|
From: Nicholas N. <n.n...@gm...> - 2009-04-15 22:28:16
|
On Thu, Apr 16, 2009 at 5:03 AM, Dominic Account
<zer...@go...> wrote:
> Dear Nicholas
>
> I hope it is fine to bug you directly with my question about CacheGrind:
It's better to contact the lists, as other people may be able to
answer your questions better and/or faster than me.
> First of all thank you for writing CacheGrind. It is a very good
> starting point for me!
> I am currently trying to extend it to support multi-core cache
> simulation (MESI protocol, 1:1 thread/L1 cache mapping).
>
> However, there is one thing which I find puzzling:
>
> From what I understand CacheGrind tries to combine
> "read/write/instruction-events"
> in order to improve performance ("addEvent_Dw" e.g. merges writes with
> preceding reads Dr+Dw=Dm)
>
> The instrumentation in "flushEvents" - however - turns all Dm-events
> into Dr-instrumentation.
>
> I assume this hides all writes which get merged in "addEvent_Dw" and
> all writes that happen
> in Dm-events constructed in "cg_instrument".
>
> Thus the cache-statistics are partially wrong !? The number of writes
> should be too low.
>
> I stumbled about this when I included memory bus event annotations in
> "InstrInfo".
> "log_0I_1Dw_cache_access" and "log_1I_1Dw_cache_access" never ever
> reported locked
> writes (locked = the Intel instruction prefix for cache exclusive
> reads) but "log_0I_1Dr_cache_access"
> would happily report locked reads. For my CMP-cache simulation I must not loose
> those writes...
>
> I temporarily disabled merging in "addEvent_Dw" and immediately saw
> locked writes!
>
> My current assumption is that CacheGrind was not designed to be really
> accurate - or would you consider it a bug?
It's been several years since I wrote that code and my memory of the
cache simulation stuff is hazy. What I remember is that a "modify"

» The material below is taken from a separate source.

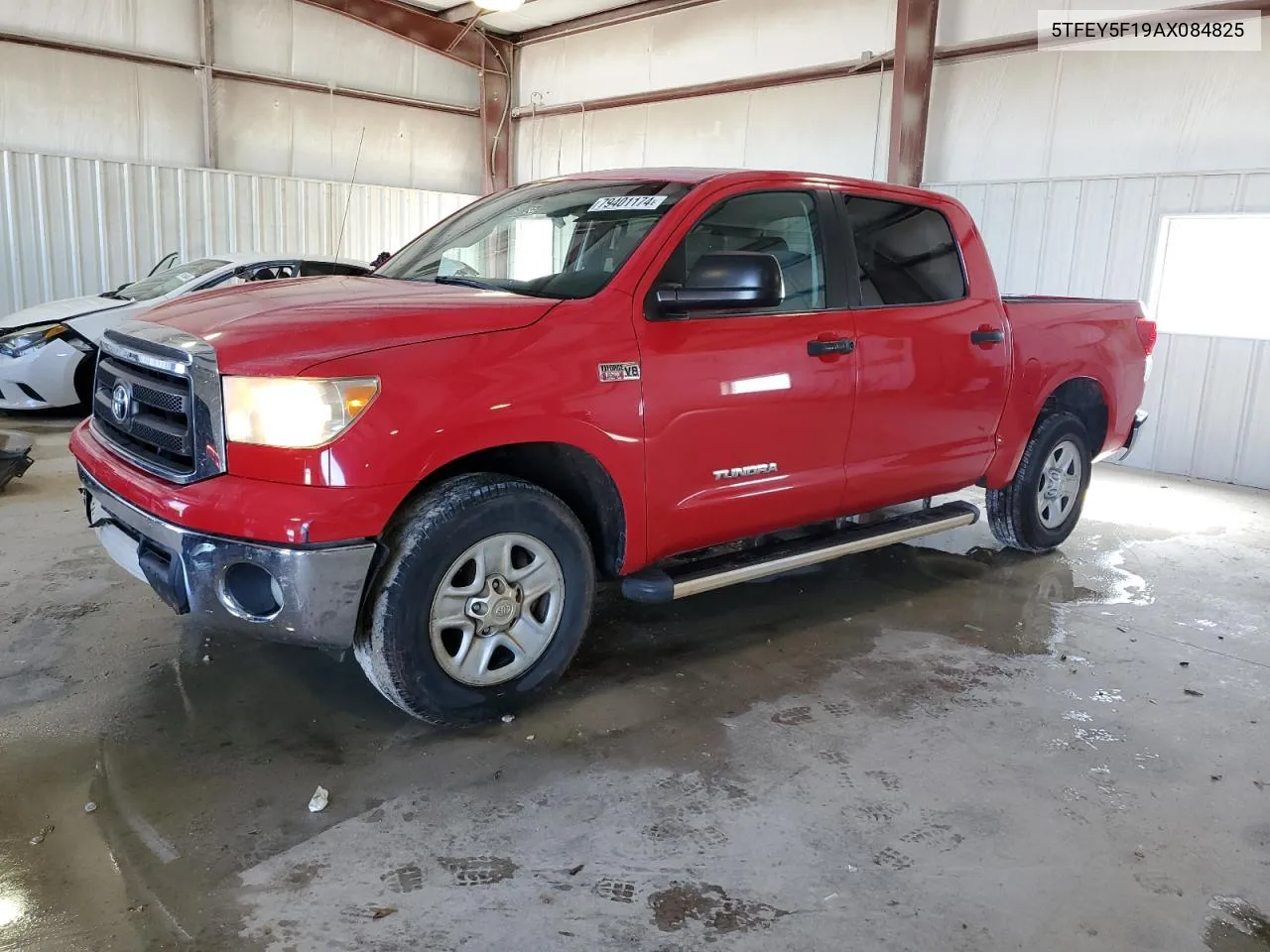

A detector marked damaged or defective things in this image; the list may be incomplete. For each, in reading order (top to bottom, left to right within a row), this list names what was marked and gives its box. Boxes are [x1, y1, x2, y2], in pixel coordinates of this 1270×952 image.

white damaged car [0, 251, 368, 411]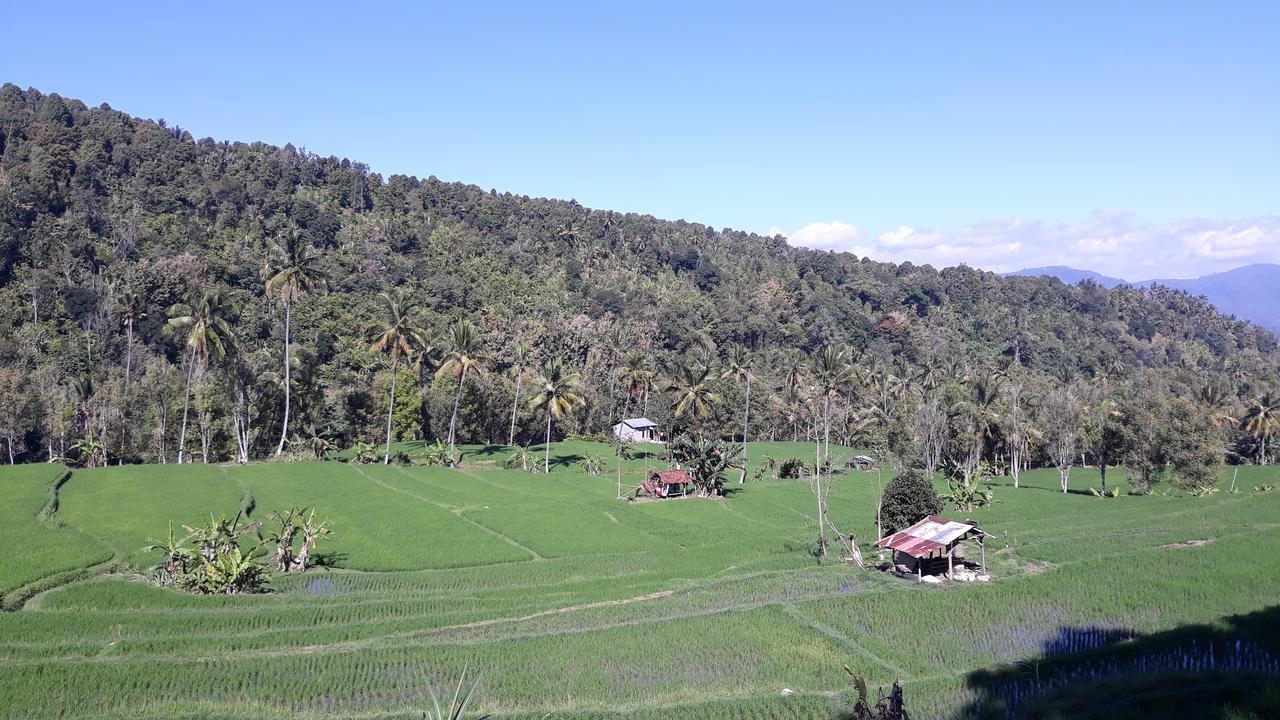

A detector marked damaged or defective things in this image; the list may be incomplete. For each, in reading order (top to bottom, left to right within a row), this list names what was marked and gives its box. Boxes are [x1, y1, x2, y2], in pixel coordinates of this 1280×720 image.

event is, for some reason, equivalent to a "read" event, in terms of
what the cache has to do. So converting "modify" events into "read"
events is reasonable. Ie. it's a deliberate decision.
I can't remember now the hardware details of why this is so; Josef
might have a suggestion. Whether it is true for multiprocessor
machines is another question.
Hope this helps.
Nick
|